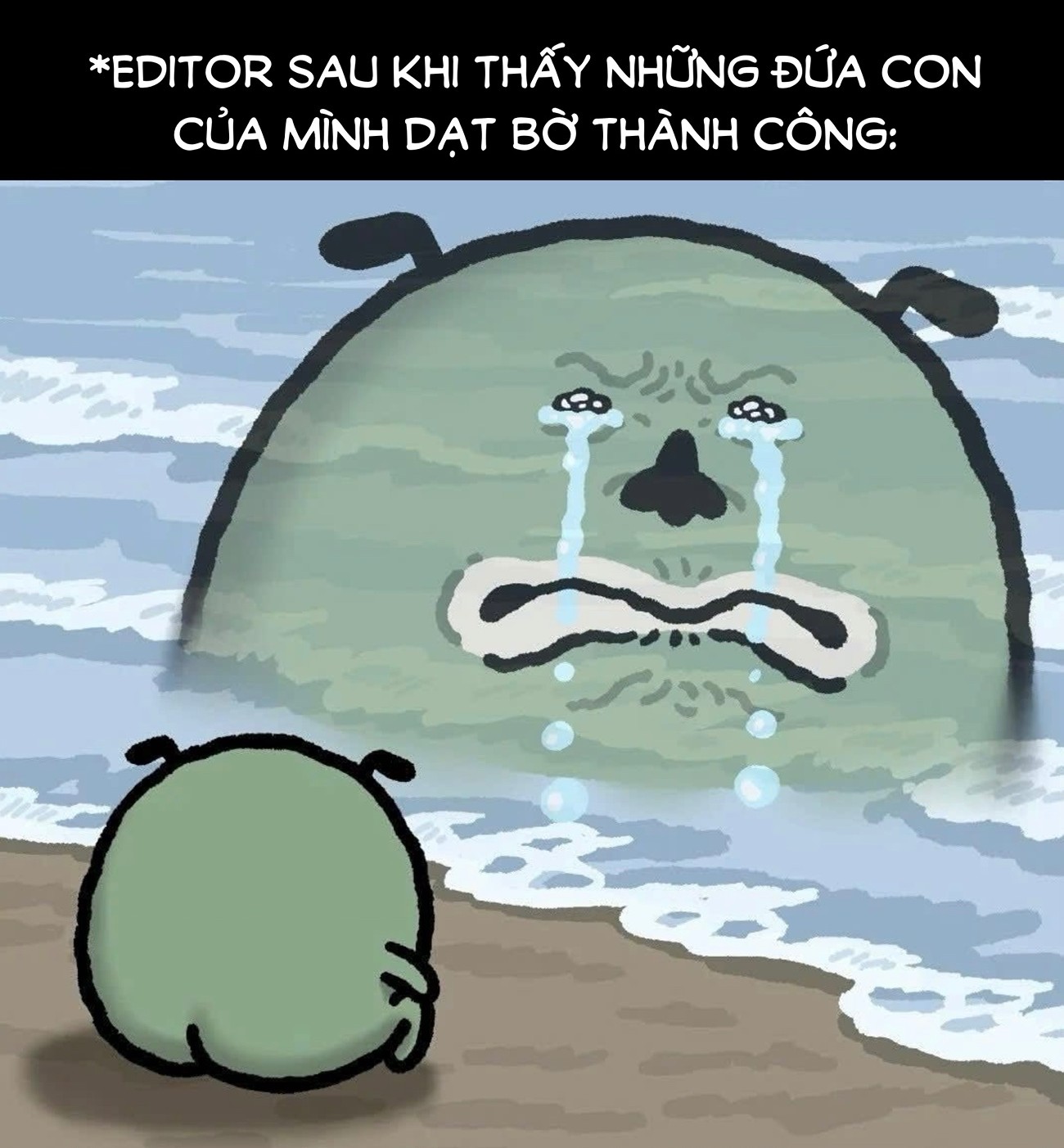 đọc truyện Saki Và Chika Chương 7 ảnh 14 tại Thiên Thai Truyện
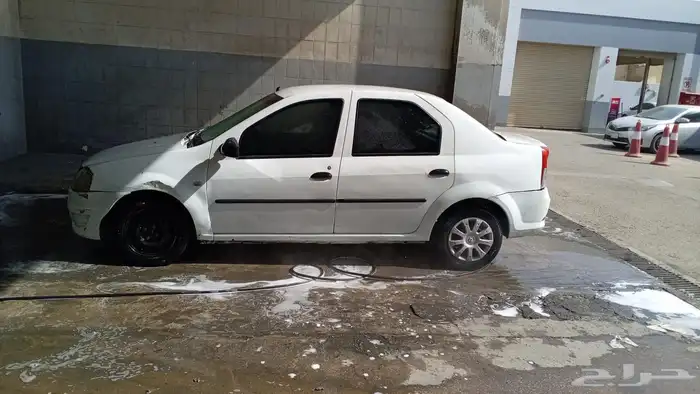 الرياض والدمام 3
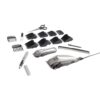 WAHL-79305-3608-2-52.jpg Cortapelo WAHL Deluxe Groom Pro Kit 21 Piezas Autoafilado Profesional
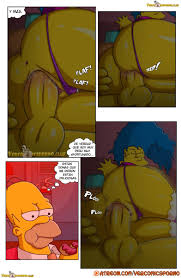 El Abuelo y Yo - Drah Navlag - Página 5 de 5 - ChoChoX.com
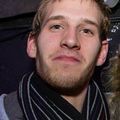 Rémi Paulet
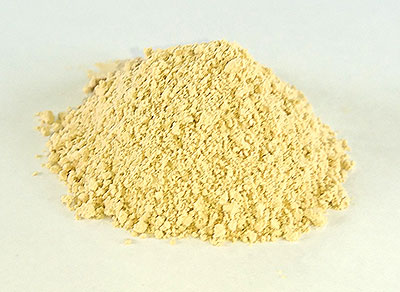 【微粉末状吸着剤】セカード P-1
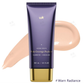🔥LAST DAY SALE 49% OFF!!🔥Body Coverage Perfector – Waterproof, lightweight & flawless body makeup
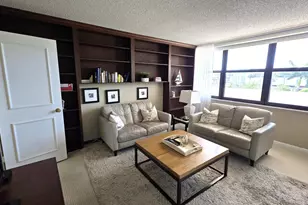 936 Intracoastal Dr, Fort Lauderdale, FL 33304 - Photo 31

ACTIVITY
Extract, word for word, every line from the one containing "الرياض والدمام 3" to the end of the data above, both ends included, and leave out the pictures.

WRITTEN RESPONSE
 الرياض والدمام 3
 WAHL-79305-3608-2-52.jpg Cortapelo WAHL Deluxe Groom Pro Kit 21 Piezas Autoafilado Profesional
 El Abuelo y Yo - Drah Navlag - Página 5 de 5 - ChoChoX.com
 Rémi Paulet
 【微粉末状吸着剤】セカード P-1
🔥LAST DAY SALE 49% OFF!!🔥Body Coverage Perfector – Waterproof, lightweight & flawless body makeup
 936 Intracoastal Dr, Fort Lauderdale, FL 33304 - Photo 31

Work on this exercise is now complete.